Lord Ben Maidment
- Born: 28 May 1988 (age 37) Cuckfield, England
- Height: 6 ft 4 in (1.93 m)
- Weight: 118 kg (260 lb)
- School: Brighton College
- University: University of Cambridge

Rugby union career
- Position: Number 8
- Current team: Jersey

Senior career
- Years: Team / Apps / (Points)
- 2010–2011: London Wasps
- 2011: Moseley
- 2011–2013: Cornish Pirates
- 2013–: Jersey

International career
- Years: Team / Apps / (Points)
- England Students
- –: Barbarians

= Ben Maidment =

English rugby union player (born 1988)

Ben Maidment (born 28 May 1988) is an English rugby union player from Cuckfield, West Sussex. He currently plays for Jersey as a Number 8.

== Personal life ==
Maidment was educated at Brighton College and the University of Cambridge, where he studied Economics and Land Economy. His brother Max also plays rugby professionally.

==Club career==
Maidment started playing rugby at Haywards Heath RFC while living in Sussex. He played in their colts team as well as making the senior 1st XV. He played for Haywards Heath in National League 3 London & SE. When he was 16, he was selected to play for Sussex. While playing underage rugby at Haywards Heath he also played for Brighton College. While at university, Maidment was signed by London Wasps as part of a link-up with the University of Cambridge in 2010. He played for London Wasps in their rugby sevens team and their "A" team. In 2011, after a recommendation from London Wasps, Maidment moved to Moseley Rugby Football Club and made his debut for them in the RFU Championship against Esher RFC. In 2011, a day after his graduation from Cambridge, Maidment moved to Cornish Pirates.

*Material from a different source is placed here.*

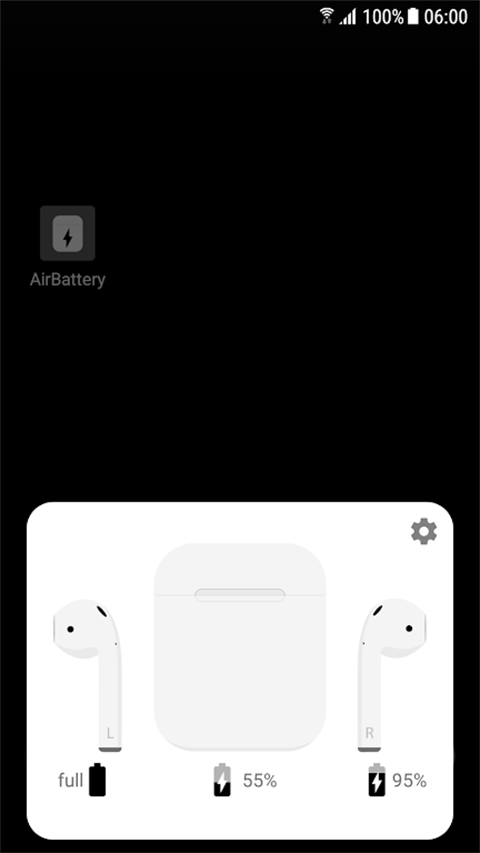 AirBattery安卓版手机赚钱软件截图2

In 2013, Maidment moved to Jersey along with fellow Cornish Pirates players Aaron Penberthy and Grant Pointer. During pre-season, he was sent off against Coventry R.F.C. and was banned by the Rugby Football Union for a week. The ban was initially meant to be served during a friendly against French club, Le Rheu; however, this match did not go ahead. Jersey failed to inform the RFU and its officials that the ban was not served, and then fielded Maidment in their next match, against Plymouth Albion in the RFU Championship. As a result, Maidment and Jersey were charged by the RFU for "failure to act towards the RFU with utmost good faith and/or conduct prejudicial to the interests of the Union and/or the Game". The charge against Maidment was later dropped, but Jersey were fined £5,000 and deducted two RFU Championship points.

===Representative career===
While at university, Maidment represented Cambridge in The Varsity Match at Twickenham Stadium against Oxford University. Maidment was also selected to play for England Students. In 2011, Maidment was invited to play for the Barbarians against Bedford Blues, a match which the Barbarians won.